-- TO DO --
Without the pictures, repeat all of the data exactly as it appears below.

-- SUPPLIED DATA --
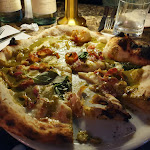 Photo n°4 de l'avis de Christian.� fait le 19/10/2022 à 17:46 sur le  MIA Trattoria e Bar à Munich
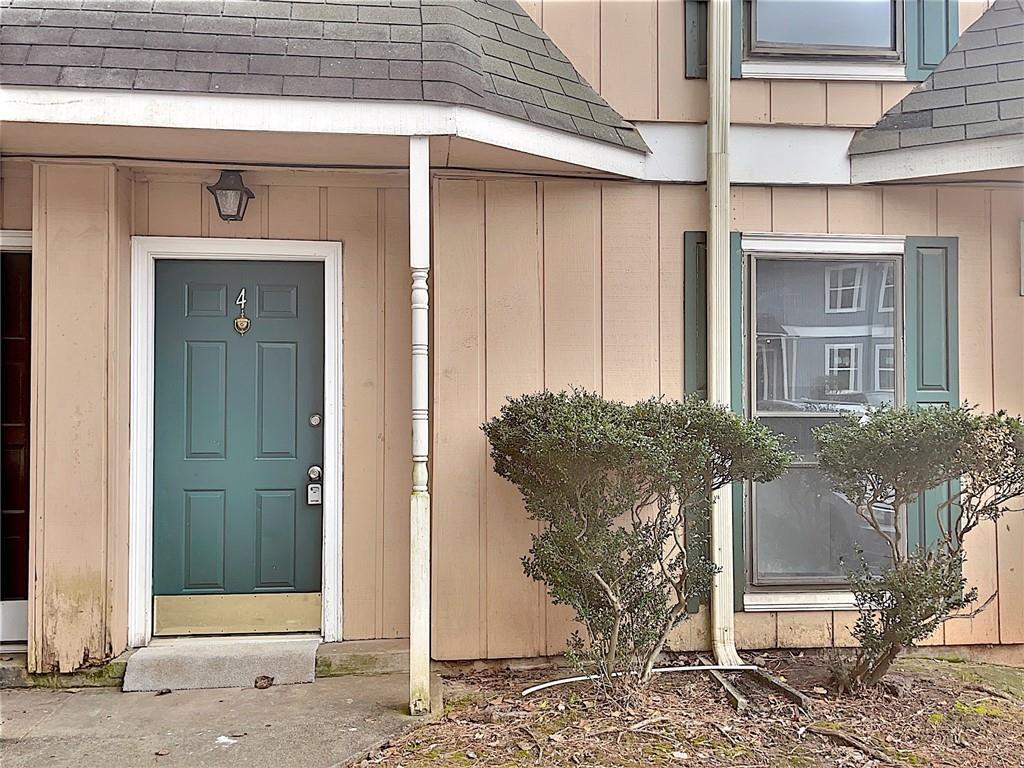 2340 Beaver Ruin Rd, Norcross, GA 30071 Townhouse for Rent in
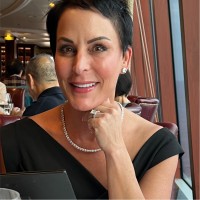 Tracy Rosenbaum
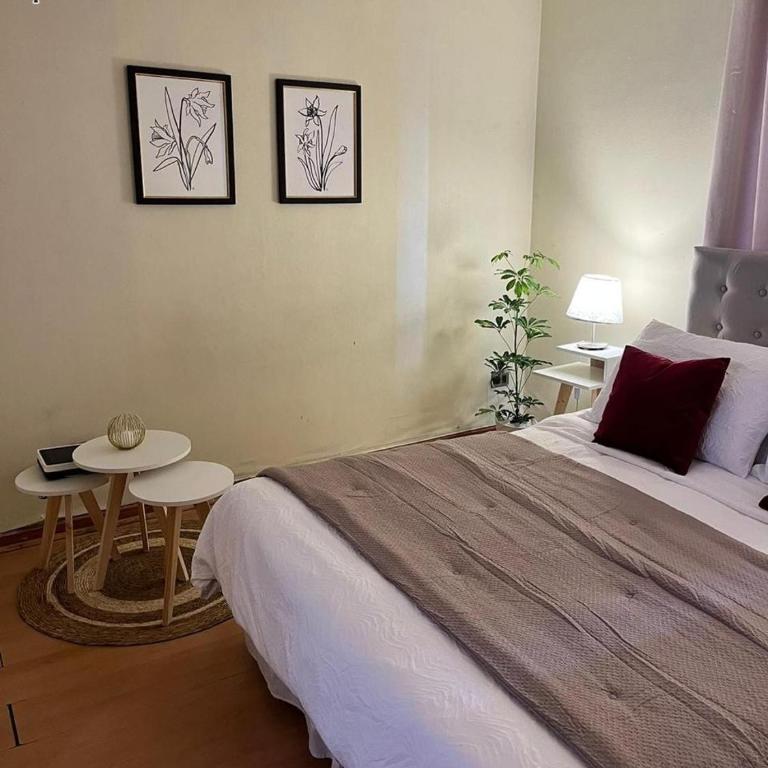 Acogedor Home Studio M Santa Lucia - One-Bedroom Apartment - 3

-- FINISHED EXERCISE --
 Photo n°4 de l'avis de Christian.� fait le 19/10/2022 à 17:46 sur le  MIA Trattoria e Bar à Munich
 2340 Beaver Ruin Rd, Norcross, GA 30071 Townhouse for Rent in
 Tracy Rosenbaum
 Acogedor Home Studio M Santa Lucia - One-Bedroom Apartment - 3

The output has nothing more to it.